Pues bien, la cuestión es, ¿por qué
pensamos que entendemos un fenómeno precisamente al conocer sus causas, o al
conocer su relación con otros fenómenos aparentemente distintos, más bien que al
conocer su duración, su localización, sus posibles usos, o cualquiera otra de
sus propiedades? Una posible respuesta, tradicionalmente asociada al
pensamiento de Aristóteles, sería la que identifica el significado de “comprender”
con “conocer las causas”; pero esto da la impresión de ser poco más que un
juego de palabras. Otra posibilidad, tal vez más coherente con las intuiciones
de viejo filósofo griego, consistiría en concebir nuestros conocimientos no como
una mera enciclopedia, o una simple pirámide, en la que cada pieza se va acumulando
a las demás, sino como una red de
inferencias, en la que el valor de cada ítem depende sobre todo de lo útil
que sea para llevarnos a más
conocimientos cuando se lo combina con otros ítems. A veces conseguimos añadir
una pieza a nuestros conocimientos que produce un resultado especialmente feliz:
los enlaces inferenciales se multiplican
gracias a ella, y a la vez se simplifican,
haciéndonos más fácil el manejo de la red. Es decir, entendemos algo tanto
mejor cuanto más capaces somos de razonar
sobre ello de manera sencilla y fructífera.

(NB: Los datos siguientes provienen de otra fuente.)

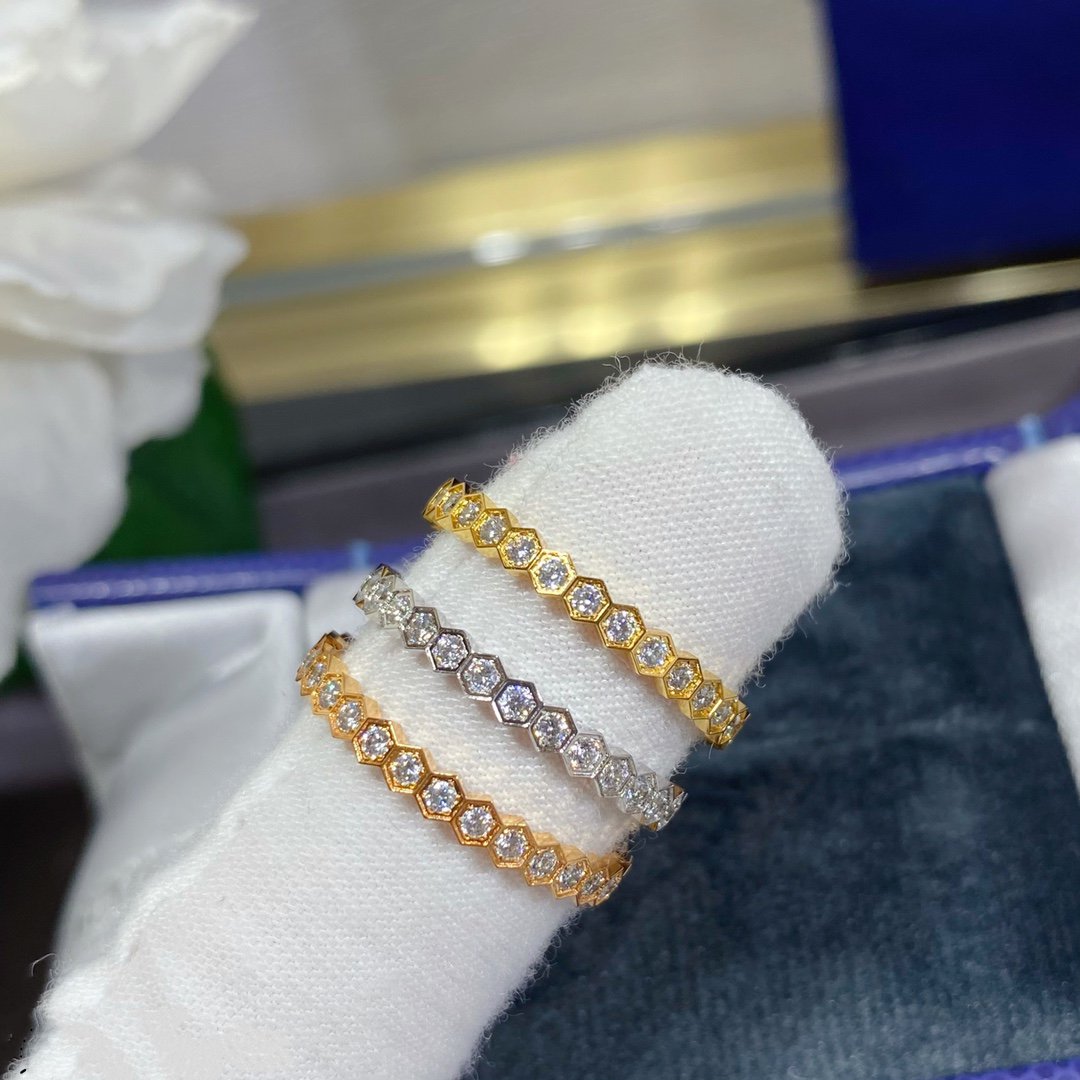 [Marin-Jewelry]BEE LOVEダイヤモンドパヴェスモールリング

La última frase contiene un matiz
importante sobre las nociones de explicación y comprensión: no son éstos
conceptos absolutos, pues siempre
cabe la posibilidad de que algo que ya hemos explicado lo expliquemos aún más
profundamente o de manera más satisfactoria. Esto resulta obvio cuando nos
fijamos en que, para explicar por qué ciertas cosas son como son, tenemos que
utilizar como premisa en nuestro razonamiento alguna otra descripción. Por ejemplo, si queremos explicar por qué las órbitas
de los planetas obedecen las leyes de Kepler, utilizaremos como premisa la ley
newtoniana que describe cómo se atraen los cuerpos. Esto implica que para
explicar algo, siempre necesitamos alguna descripción que funcione como
“explicadora”, y esta descripción, a su vez, será susceptible de ser explicada
por otra. Así, la teoría general de
la relatividad explica por qué los cuerpos obedecen con gran aproximación la
ley de la gravedad. Una consecuencia inmediata de este hecho trivial es que nunca será posible explicarlo todo.
Insistamos en ello: para explicar
científicamente cualquier fenómeno o cualquier peculiaridad del universo
recurrimos a leyes, modelos, principios, que son, al fin y al cabo,
afirmaciones que dicen que el mundo es así o asá, en vez de ser de otra manera.
Imaginemos que ya hubiéramos descubierto todas
las leyes, modelos o principios científicamente relevantes que haya por
descubrir (si es que esta suposición tiene siquiera algún sentido), llamemos T a la combinación de esa totalidad
ideal de nuestro conocimiento sobre el mundo, y preguntémonos “¿por qué el
mundo es como dice T, en lugar de ser
de cualquier otra manera lógicamente posible?”. Obviamente, la respuesta no
puede estar contenida en T, pues
ninguna descripción se explica a sí misma. Por lo tanto, o bien deberíamos
hallar alguna nueva ley, modelo o principio, X, que explicase por qué el mundo es como dice T, o bien hemos de reconocer que no es posible para nosotros hallar
una explicación de T. Pero lo primero
contradice nuestra hipótesis de que T
contenía todas las leyes, principios,
etc., relevantes para explicar el universo; así que debemos concluir que
explicar T (digamos, la totalidad de
las leyes de la naturaleza) está necesariamente fuera de nuestro alcance.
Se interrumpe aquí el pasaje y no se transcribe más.